Sudanese protesters gather for a second day outside the military headquarters in the capital Khartoum on April 7, 2019.
Riot police have fired tear gas at the protesters, but they have failed to dislodge them.
Officials say 38 people have died in protest-related violence since December.
Interior Minister Bushara Juma said seven protesters died on Saturday when forces tried to disperse them and 15 were wounded along with 42 members of the security forces. In all, 2,496 protesters were arrested.
The group spearheading the protests on Monday appealed to the army for talks on forming a transitional government.
“We call on the Sudanese armed forces to talk directly with the Alliance for Freedom and Change for facilitating the peaceful process of forming a transitional government,” said Omar el-Digeir, a senior member of the group.
Digeir said the protest organisers had also formed a council to initiate talks with security forces and the international community aimed at agreeing a transition that gives power to a “transitional government that represents the wish of the revolution”.
“We reiterate our people’s demand that the head of the regime and his government have to immediately step down,” Digeir said.
Reading from a statement, he also called on the armed forces “to withdraw their support for a regime that has lost its legitimacy” and to support the “people’s alternative for a transition to a civilian democratic government”.
‘Protecting the people’
Since protests erupted across Sudan in December agents of the powerful National Intelligence and Security Service (NISS) and riot police have cracked down on demonstrators, but the army has not intervened.
Soldiers put up barricades in streets near the army compound after reinforcements of intelligence agency members and riot police arrived in the early hours, witnesses told AFP.
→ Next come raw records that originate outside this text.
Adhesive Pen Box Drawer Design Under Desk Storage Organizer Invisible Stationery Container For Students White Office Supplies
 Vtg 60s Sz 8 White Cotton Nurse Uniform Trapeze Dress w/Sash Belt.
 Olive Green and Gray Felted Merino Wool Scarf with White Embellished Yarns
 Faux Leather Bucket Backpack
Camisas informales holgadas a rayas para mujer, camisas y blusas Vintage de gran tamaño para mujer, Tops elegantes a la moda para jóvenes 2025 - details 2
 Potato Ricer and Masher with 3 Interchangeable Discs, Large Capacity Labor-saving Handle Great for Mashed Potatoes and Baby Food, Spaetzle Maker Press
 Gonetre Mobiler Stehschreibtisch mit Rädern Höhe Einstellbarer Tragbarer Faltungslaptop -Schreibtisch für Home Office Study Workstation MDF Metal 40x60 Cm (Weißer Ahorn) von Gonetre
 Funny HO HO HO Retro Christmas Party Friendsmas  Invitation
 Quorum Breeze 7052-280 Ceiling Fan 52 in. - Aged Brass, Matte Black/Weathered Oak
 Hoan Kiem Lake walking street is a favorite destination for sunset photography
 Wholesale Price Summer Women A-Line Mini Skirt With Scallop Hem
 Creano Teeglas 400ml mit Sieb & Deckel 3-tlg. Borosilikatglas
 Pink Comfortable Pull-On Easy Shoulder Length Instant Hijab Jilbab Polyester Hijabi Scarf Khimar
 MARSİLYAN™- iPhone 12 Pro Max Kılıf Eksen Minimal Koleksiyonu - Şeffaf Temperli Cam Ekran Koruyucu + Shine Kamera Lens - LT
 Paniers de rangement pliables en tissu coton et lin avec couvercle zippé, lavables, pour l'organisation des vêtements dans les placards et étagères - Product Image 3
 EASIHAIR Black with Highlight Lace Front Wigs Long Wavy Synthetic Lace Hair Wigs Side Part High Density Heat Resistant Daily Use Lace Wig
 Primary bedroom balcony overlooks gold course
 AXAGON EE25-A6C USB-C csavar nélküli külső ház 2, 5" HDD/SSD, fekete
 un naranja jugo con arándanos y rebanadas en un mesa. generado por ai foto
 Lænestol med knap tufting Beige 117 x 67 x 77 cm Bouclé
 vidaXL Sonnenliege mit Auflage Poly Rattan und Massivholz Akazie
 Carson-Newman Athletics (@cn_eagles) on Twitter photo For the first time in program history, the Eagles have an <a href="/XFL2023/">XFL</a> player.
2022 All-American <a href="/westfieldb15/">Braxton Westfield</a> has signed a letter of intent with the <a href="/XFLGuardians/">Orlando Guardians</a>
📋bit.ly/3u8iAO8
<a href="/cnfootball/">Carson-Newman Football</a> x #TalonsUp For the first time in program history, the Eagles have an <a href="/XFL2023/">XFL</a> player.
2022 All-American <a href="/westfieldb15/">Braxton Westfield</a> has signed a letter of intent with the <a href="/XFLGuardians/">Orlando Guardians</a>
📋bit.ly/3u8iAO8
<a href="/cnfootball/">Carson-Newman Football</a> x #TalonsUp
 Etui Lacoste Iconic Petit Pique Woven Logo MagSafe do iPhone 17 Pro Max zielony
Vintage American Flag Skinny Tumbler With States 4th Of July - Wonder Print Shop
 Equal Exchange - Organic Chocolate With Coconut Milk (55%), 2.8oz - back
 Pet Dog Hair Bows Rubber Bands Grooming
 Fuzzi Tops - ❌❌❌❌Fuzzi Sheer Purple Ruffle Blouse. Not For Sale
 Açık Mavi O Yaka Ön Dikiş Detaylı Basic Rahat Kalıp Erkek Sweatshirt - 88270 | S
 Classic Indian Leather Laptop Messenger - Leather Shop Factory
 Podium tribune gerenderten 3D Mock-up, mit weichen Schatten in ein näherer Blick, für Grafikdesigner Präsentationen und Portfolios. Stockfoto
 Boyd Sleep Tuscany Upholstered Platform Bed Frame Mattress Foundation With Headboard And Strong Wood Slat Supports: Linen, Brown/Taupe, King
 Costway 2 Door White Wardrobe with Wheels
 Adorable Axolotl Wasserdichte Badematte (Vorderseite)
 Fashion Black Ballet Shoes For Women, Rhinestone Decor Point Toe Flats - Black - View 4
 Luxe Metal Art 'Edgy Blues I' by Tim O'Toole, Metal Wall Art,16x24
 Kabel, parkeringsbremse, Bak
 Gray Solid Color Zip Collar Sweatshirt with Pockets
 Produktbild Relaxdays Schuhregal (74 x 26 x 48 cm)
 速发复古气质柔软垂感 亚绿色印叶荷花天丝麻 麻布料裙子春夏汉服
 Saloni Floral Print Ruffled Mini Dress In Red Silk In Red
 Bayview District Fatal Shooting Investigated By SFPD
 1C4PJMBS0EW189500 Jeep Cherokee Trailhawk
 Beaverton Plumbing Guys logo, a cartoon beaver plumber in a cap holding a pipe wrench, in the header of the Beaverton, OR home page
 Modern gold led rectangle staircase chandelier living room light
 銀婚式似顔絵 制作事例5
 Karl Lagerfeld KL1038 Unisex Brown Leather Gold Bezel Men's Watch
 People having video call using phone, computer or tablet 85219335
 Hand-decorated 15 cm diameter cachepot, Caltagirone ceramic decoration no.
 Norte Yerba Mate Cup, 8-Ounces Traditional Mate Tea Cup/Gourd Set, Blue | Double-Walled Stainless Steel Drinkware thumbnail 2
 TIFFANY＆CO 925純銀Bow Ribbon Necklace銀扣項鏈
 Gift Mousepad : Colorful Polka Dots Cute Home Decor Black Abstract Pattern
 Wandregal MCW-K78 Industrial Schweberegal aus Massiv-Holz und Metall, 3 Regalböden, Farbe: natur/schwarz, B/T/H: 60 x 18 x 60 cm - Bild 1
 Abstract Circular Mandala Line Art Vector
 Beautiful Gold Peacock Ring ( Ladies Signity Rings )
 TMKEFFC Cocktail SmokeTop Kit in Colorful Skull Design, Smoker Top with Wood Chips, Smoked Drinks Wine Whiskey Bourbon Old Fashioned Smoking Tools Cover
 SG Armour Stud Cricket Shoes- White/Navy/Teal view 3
“After that, security forces began firing tear gas at protesters,” one said on condition of anonymity. Gunshots were also heard, witnesses said, but it was unclear who fired.
Some activists on the ground said it was the army shooting in the air, but this could not be confirmed independently.
Protest organisers urged the military to protect the demonstrators.
“We want you, the young officers and soldiers, to remain committed to the role of the national army, which is of protecting the people,” said the Sudanese Professionals Association. A few hours later security personnel again fired tear gas at the demonstrators, witnesses said.
Protest organisers urged the residents of Khartoum and nearby areas to join the demonstrators. Crowds of people carrying food and water were later seen walking towards the complex to take part in the protest, according to onlookers.
Some companies have told employees not to come into work “until further notice”.
The rally outside the army headquarters has been the largest since protests began on December 19 in the central town of Atbara, quickly spreading to the capital and towns and cities across the east African country.
The European Union said an “unprecedented” number of people had come out calling for change since Saturday.
“The people of Sudan have shown remarkable resilience in the face of extraordinary obstacles over many years,” the EU’s External Action Service said.
“Their trust must be won through concrete action by the government.”
Economic mismanagement, The protesters accuse Bashir’s administration of economic mismanagement that has led to soaring food prices and regular shortages of fuel and foreign currency.
Sudan’s security council on Sunday said the demands of the protesters “have to be heard” after a meeting chaired by the veteran leader. Bashir, wanted by the Hague-based International Criminal Court for alleged war crimes and genocide in the conflict-wracked region of Darfur, swept to power in an Islamist-backed coup in 1989.
He has remained defiant, introducing tough measures that have seen protesters, opposition leaders, activists and journalists arrested.